Подобное желание строить публичные трудовые отношения по нормам частной жизни, предполагающим добровольную взаимную поддержку, проявится несколько лет спустя, в 1973 году, в забастовке на заводе «Лип». Важнейшим для забастовщиков являются их отношения, дружба. «В ходе борьбы многие люди полностью изменились, с ними стало приятно общаться и работать»,—заявляет Шарль Пьяже, лидер забастовщиков. Ему вторит секретарь Французской демократической конфедерации труда (CFDT): «Эта борьба продемонстрировала девяноста пяти процентам людей, насколько важны человеческие отношения. Как расцвели благородство и дружба. Больше никто не обращается друг к другу на „вы“, только на „ты“. <.. .> Люди раскрылись друг другу». И простые служащие подтверждают в свою очередь: «Теперь все друг друга знают. <.. .> Все дружат. <.. .> Мы больше не будем друг другу чужие, как раньше»68.
Самоуправление—утопия вне частной жизни Становятся понятными сила и соблазн этих устремлений, но также и причины их провала. Личные цели борьбы могут оказаться весомее объективных данных. Желание ни на шаг не отступить от своих свобод приводит к отказу от передачи власти, к прямой демократии, к нестабильности и ослаблению организаций. Публичный мир труда и политики подчиняется собственным законам, поэтому рассчитывать на то, что он станет местом межличностного общения и индивидуального расцвета, не имеет смысла, а пытаться обустроить публичную сферу на основе норм, принятых в сфере частной,—утопия.

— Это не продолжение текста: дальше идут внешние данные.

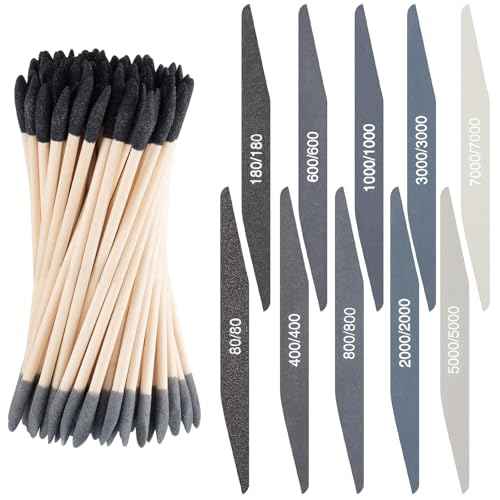 40 Pcs Model Sanding Sticks Set Include 10 Polishing Sticks Assorted 30 Double End Matchsticks Fine Detailing Sanding Twigs Coded Abrasive Tools for Tight Spaces Models(Double Angle)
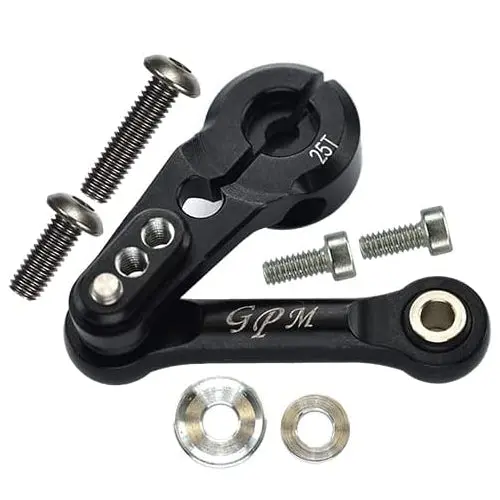 Aluminum 6061-T6 Tie Rod + 25T Servo Horn For Traxxas 1/8 4Wd Sledge Monster Truck 95076-4 - 8Pc Set Black 1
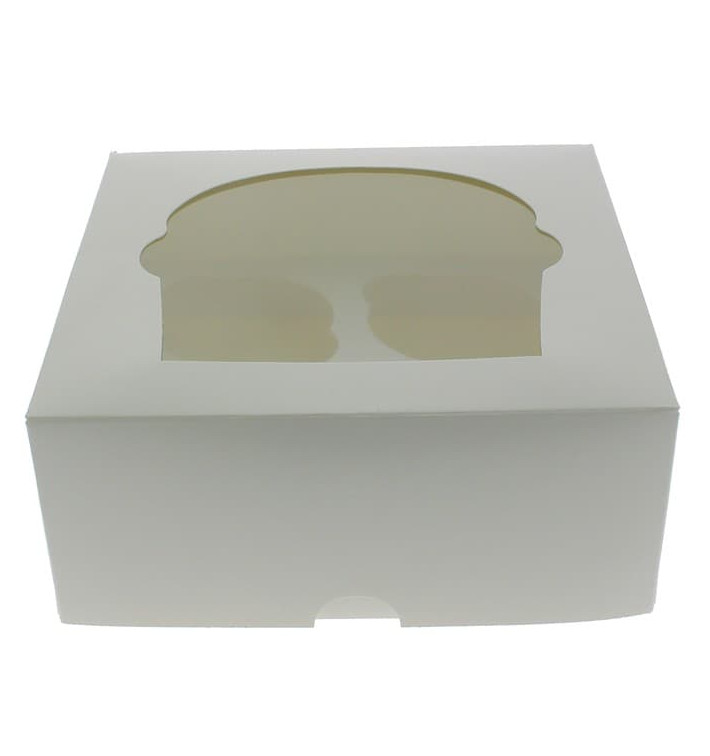 Paper Cupcake Box 4 Slot White 17,3x16,5x7,5cm (20 Units)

Это стало понятно очень быстро. Те, кто в 1968 году и чуть позже уповал на самоуправление, были в меньшинстве: его требовали Французская демократическая конфедерация труда (CFDT) и Объединенная социалистическая партия (PSU), но, за исключением некоторых представителей, не Всеобщая конфедерация труда (CGT), и если новая социалистическая партия иногда употребляла термин «самоуправление», то это было в более умеренном смысле. После экономического кризиса 1973 года и сопровождавшей его безработицы климат изменился, и самоуправление ушло из повестки дня политических и профсоюзных дебатов.
Однако тревожное отношение к институциям не исчезает, оно теперь выражается иначе. Профсоюзы консолидируются на основе законов 1968 года и законов Ору*, но их цели мельчают и им все тяжелее находить сторонников. Институционализация и дезинституционализация профсоюзов происходят параллельно. С другой стороны, формализм рабочих отношений вновь ставится под вопрос, но на этот раз не столько в организационном плане, сколько в практическом. Речь идет теперь в первую очередь об изменении нравов, а не о принципах управления предприятиями или не о каких-то открыто провозглашаемых требованиях.
На пути к обществу без принуждения
Неравномерное и медленное смягчение формальностей, доминировавших в публичной жизни, вписывается в общую картину жизни, где социальные роли пересматриваются.
Старое устройство публичной жизни придавало каждому индивиду определенный статус и функции, что, в свою очередь, навязывало ему роль, которую следовало играть. Таким
* Законы Ору—комплекс из четырех законов, касающихся права на труд во Франции; разработаны социалистом Жаном Ору и приняты в начале первого президентского срока Франсуа Миттерана.
образом, действия каждого были предсказуемы, однако контакты и смена ролей сводились к минимуму и спонтанность пресекалась. Наблюдаемая эволюция нравов стирает различия в этих статусах, как если бы все были уникальны и равны и каждого человека принимали бы со всеми его особенностями. В целом, нежелание быть классифицированным, раз и навсегда помещенным в определенное место на социальной лестнице,—это стремление каждого быть частным лицом в публичной жизни, что ведет к размыванию социальных ролей.
Процесс, без сомнения, начался вне мира труда и политики, а в более благоприятных условиях отпуска и коллективных игр. Причем он не был навязан: скаутские лагеря с их подростковой иерархией, наоборот, готовили к исполнению различных социальных ролей. Появились новые организационные формы, самым показательным является «Средиземноморский клуб» (le Club Méditerranée)69. Успех его основан на контрасте между стилем социальных отношений в клубе и в обычной жизни. Закрытость клубного мирка подчеркивается ритуалами вступления: то, что внутри, и то, что снаружи, противопоставляются друг другу. Внутри, как говорит реклама учреждения, человек чувствует себя иначе. Видимые знаки социальных барьеров уничтожаются, о чем свидетельствует всеобщее обращение друг к другу на «ты». Каникулярная деятельность, в частности спорт, а также игры устанавливают другую иерархию, не действующую за пределами клуба. В общем, формальности отменяются, в результате чего могут установиться «настоящие» человеческие отношения: «Средиземноморский клуб»—это «встречи, общение, возможность создать группу по интересам», расцвет частного в коллективном.